Hi Malcolm,
We have been fortunate enough to have Julien Langou help us with this problem last week. I don't think Julien will mind me posting some of the notes he left for me about the solution (note: this is all work done by Julien, so credit for this goes to him entirely). We
were using the ACML versions of Lapack and BLAS, but will now use the standard netlib version of LAPACK and the Goto BLAS.
--------------------
multithreaded BLAS:
--------------------
- the problem comes from the ACML library.
1- The ACML library provides LAPACK and BLAS, but their BLAS does not seem to be multithreaded (note: this is strange, there should be a multithreaded version somewhere on the net)
2- If you want to use LAPACK from ACML, and BLAS from Goto BLAS, you need to link first to Goto BLAS and then the ACML library
3- However, this is not working. ACML LAPACK calls some strange BLAS name so that they are sure you are using their BLAS. It doesn't appear to be possible to use ACML LAPACK with the Goto BLAS.

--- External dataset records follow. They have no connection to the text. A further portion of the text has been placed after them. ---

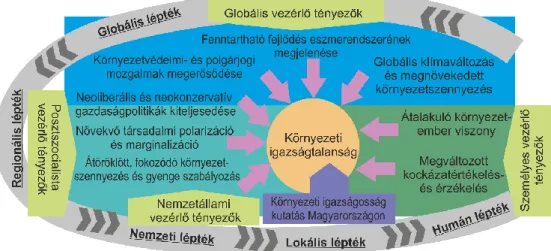 A disszertáció célja az igazságtalanságok kialakulásának „vezérlőit” (2. ábra) feltárni magyaror- magyaror-szági környezetben a környezeti igazságosság gondolati keretein belül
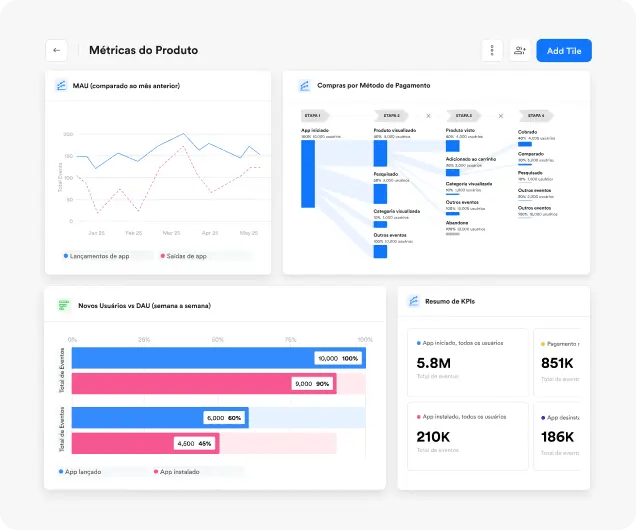 Behavior-triggered, personalized email marketing platform with AI-powered recommendations, email automation, and 1:1 custom email marketing.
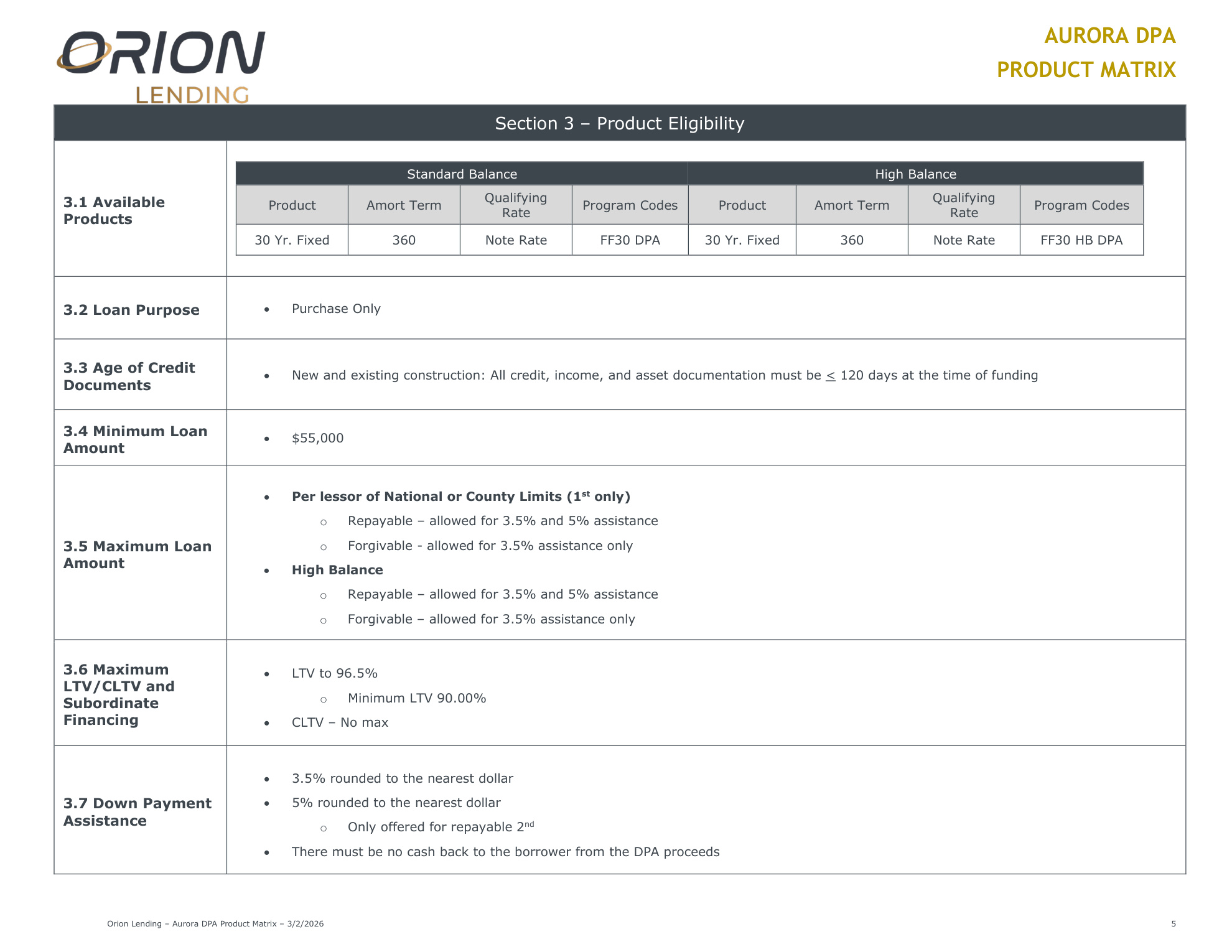 Aurora Down Payment Assistance Program - Page 6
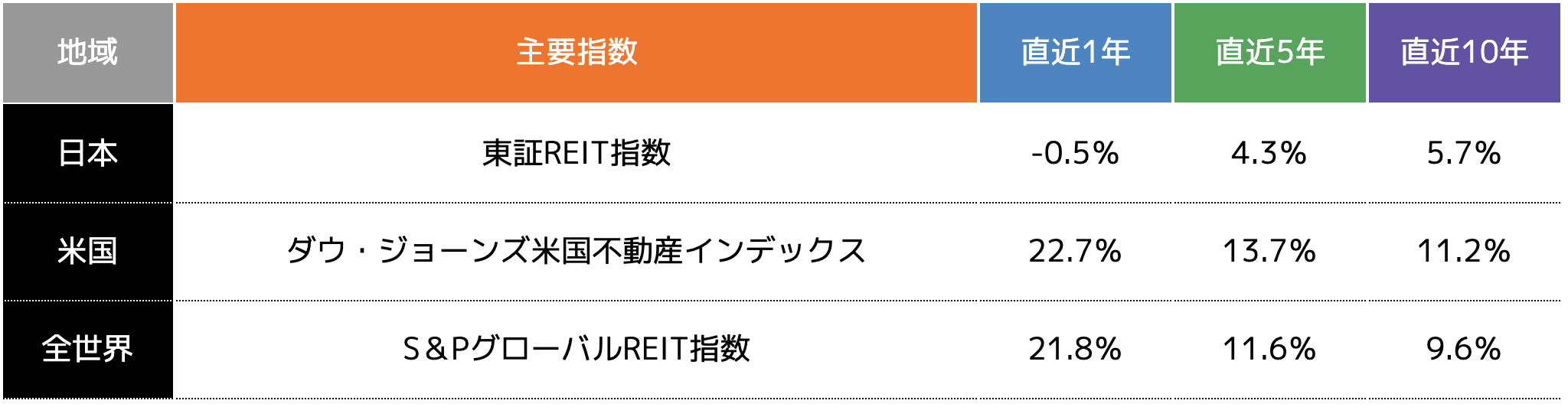 REIT（不動産投資信託）の利回り目安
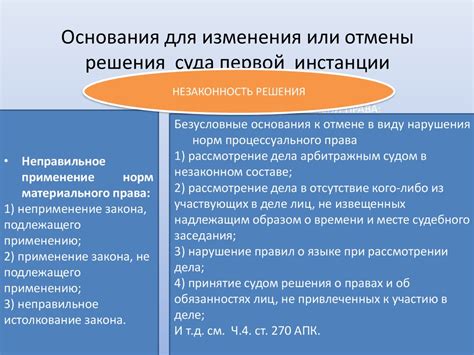 Допустимость изменения основания иска в апелляционной инстанции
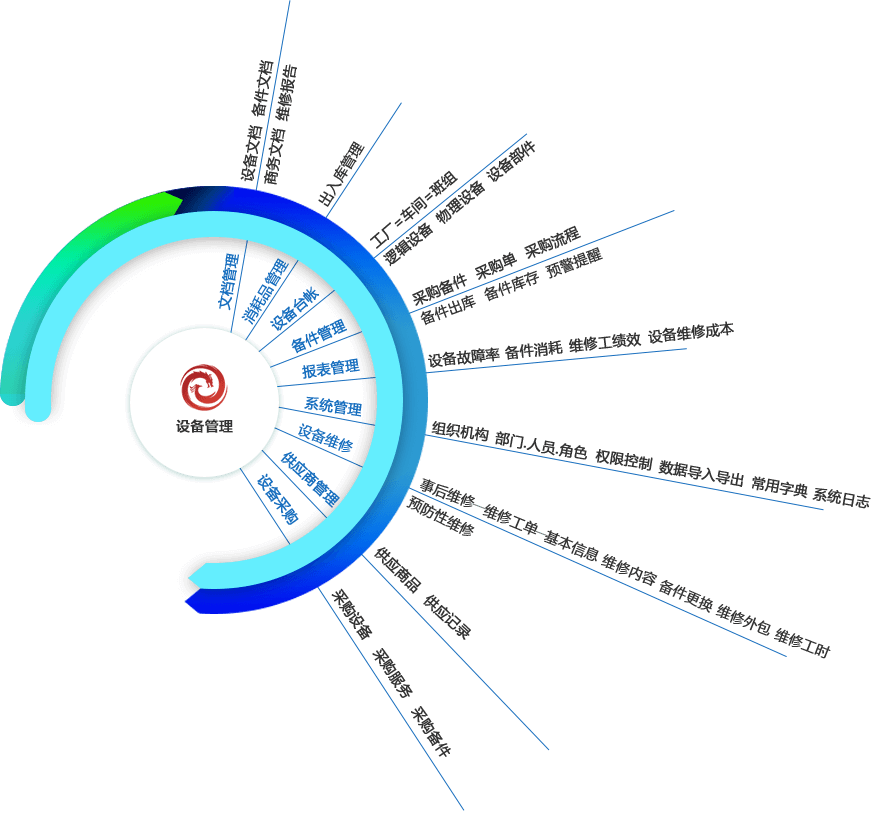 设备管理系统介绍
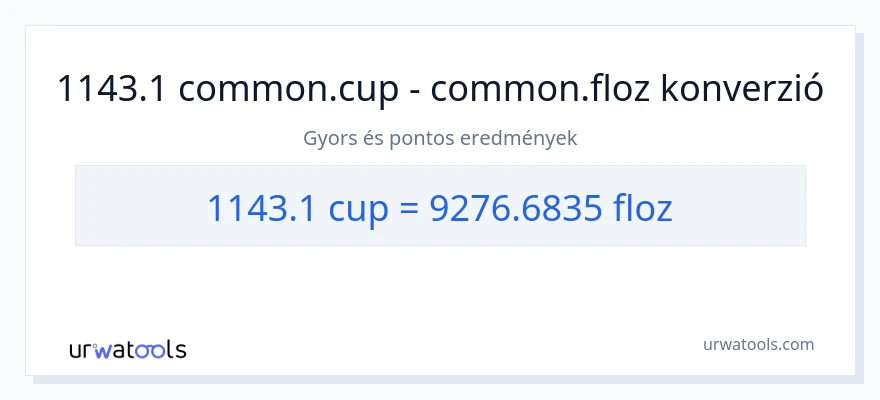 1143.1 csészék - folyékony unciák konverzió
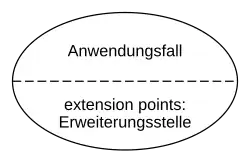 Anwendungsfall mit extension point.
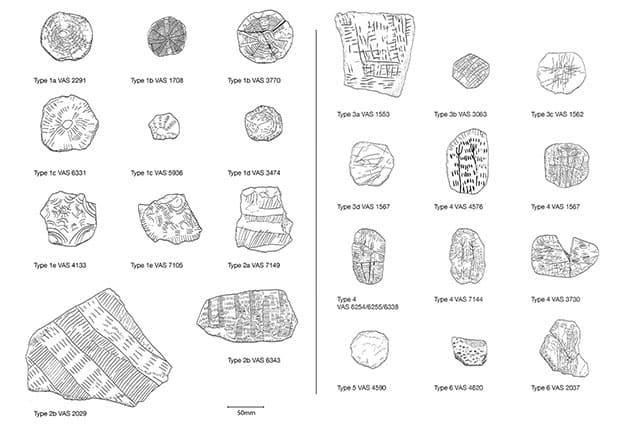Unterschiedliche Arten von Sonnensteinen.Quelle: Iversen et al., Antiquity 2025
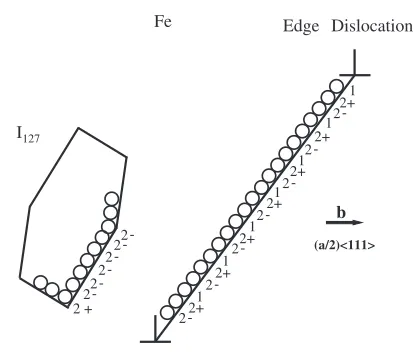 Fig. 10Schematic representation of a hexagonal dislocation loop withthree types of crowdions which is already shown in Fig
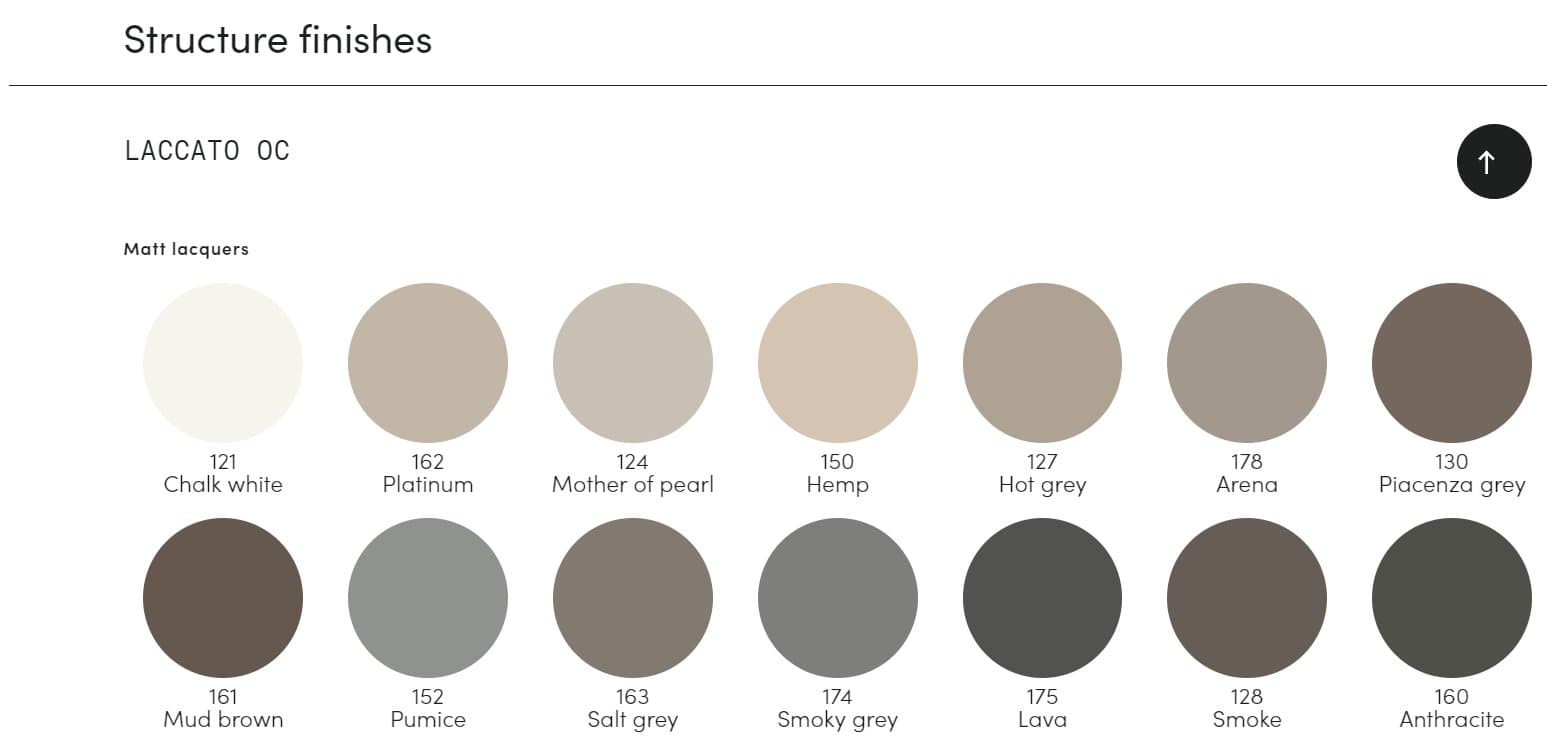 Masuta De Cafea Atollo 12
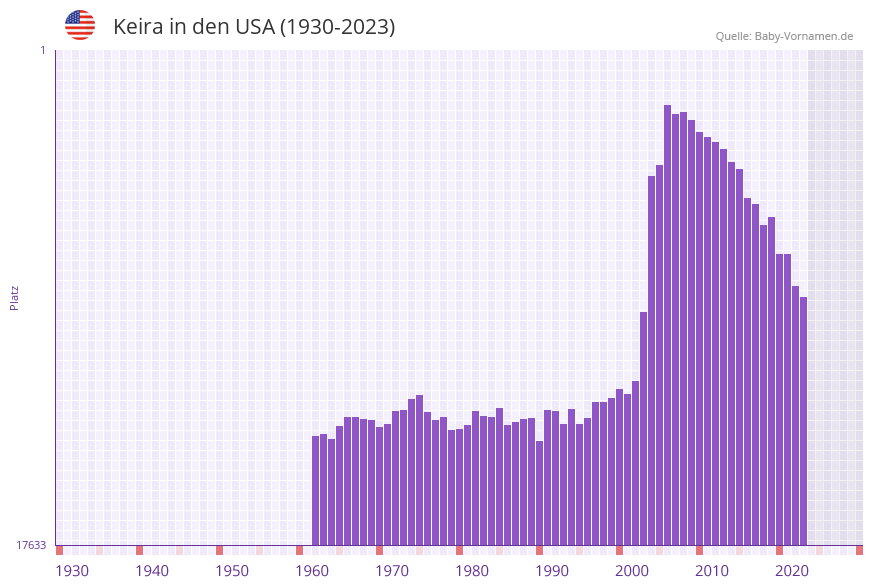 Keira in der Vornamen-Hitliste von den USA (1930-2023)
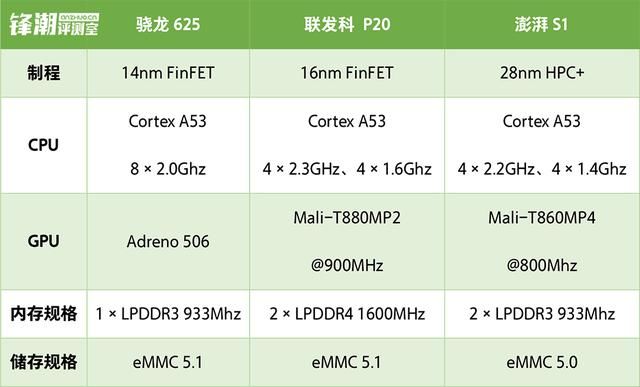 最新芯片性能排名,骁龙710并没那么强,看看你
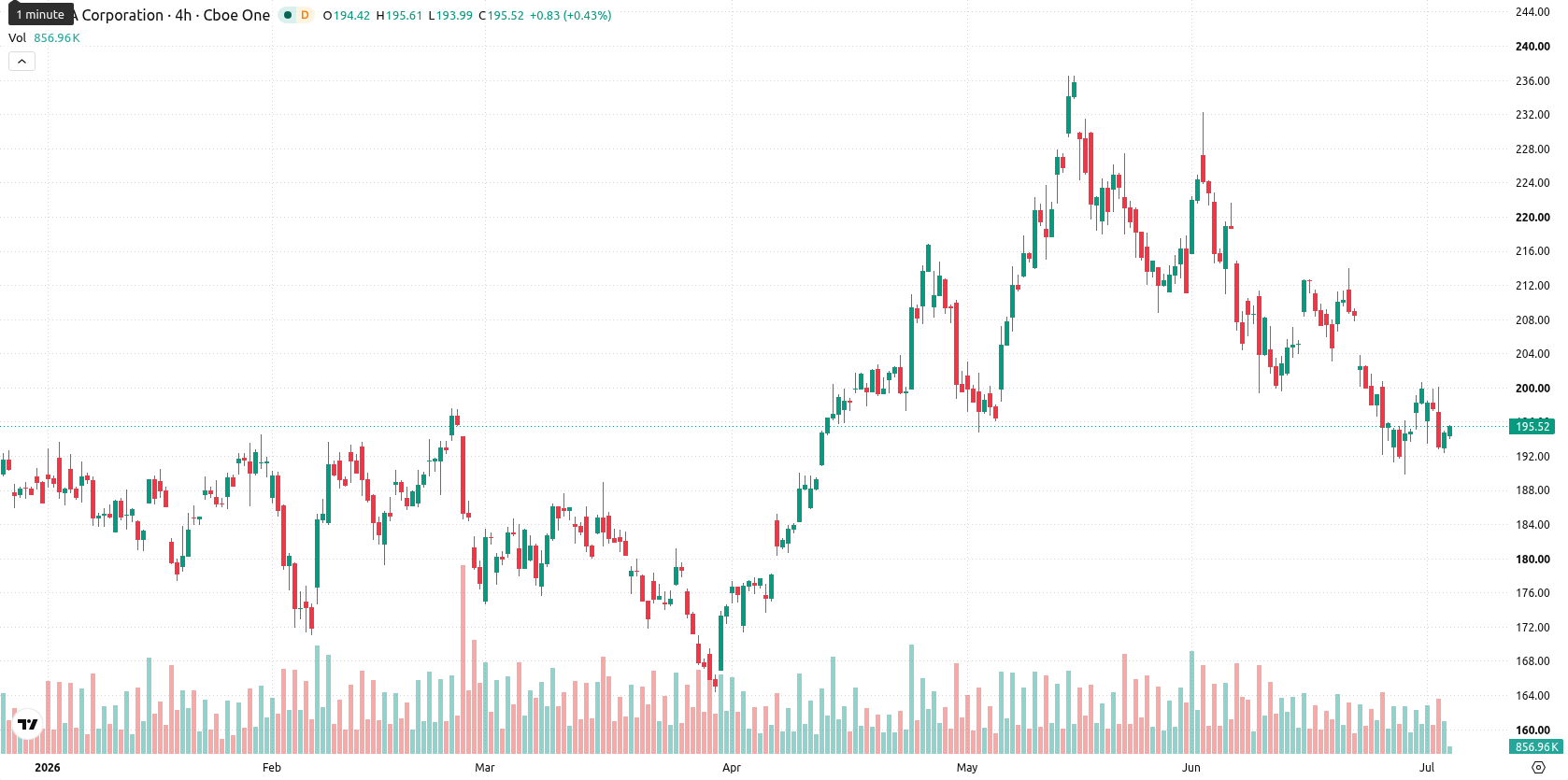 Nvidia Corp asset chart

4- I installed LAPACK from netlib and linked with Goto Blas, below the results

So type
> g77 -m64 -Wall -Wimplicit -ffixed-line-length-0 -lm -o \
fwd_3D_harmonic_banded_serial.opt fwd_3D_harmonic_banded_serial.f \
LAPACK/lapack_LINUX.a /usr/local/goto_blas/libgoto_opt-64_1024p_old-r0.97.so -lpthread
> ./fwd_3D_harmonic_banded_serial.opt
-------------------------------------------------------------------------------------
PID USER PRI NI SIZE RSS SHARE STAT %CPU %MEM TIME CPU COMMAND
17131 ape20 25 0 958M 957M 816 R 194.4 48.4 0:43 1 fwd_3D_harmonic
-------------------------------------------------------------------------------------
-------------------------------------------------------------------------------------
+ Elapsed wall time (s): 49.2200012
-------------------------------------------------------------------------------------
The major thing that has changed is now the processor usage is 194.4% (i.e. both processors are going almost full speed), meaning the multithreaded BLAS is now working in our case. I'm sorry the text showing this is not aligned correctly. Note the elapsed wall time, this is almost 50% faster than it was with the single-threaded BLAS from the ACML.
So, in summary, if you link
properly to a multithreaded BLAS library (we needed help with this), you can get a large code speedup and near full utilization of both processors on the machine.
I must thank Julien again for his assistance in working through this problem.
I hope this helps, all the best with your cluster.
Ashton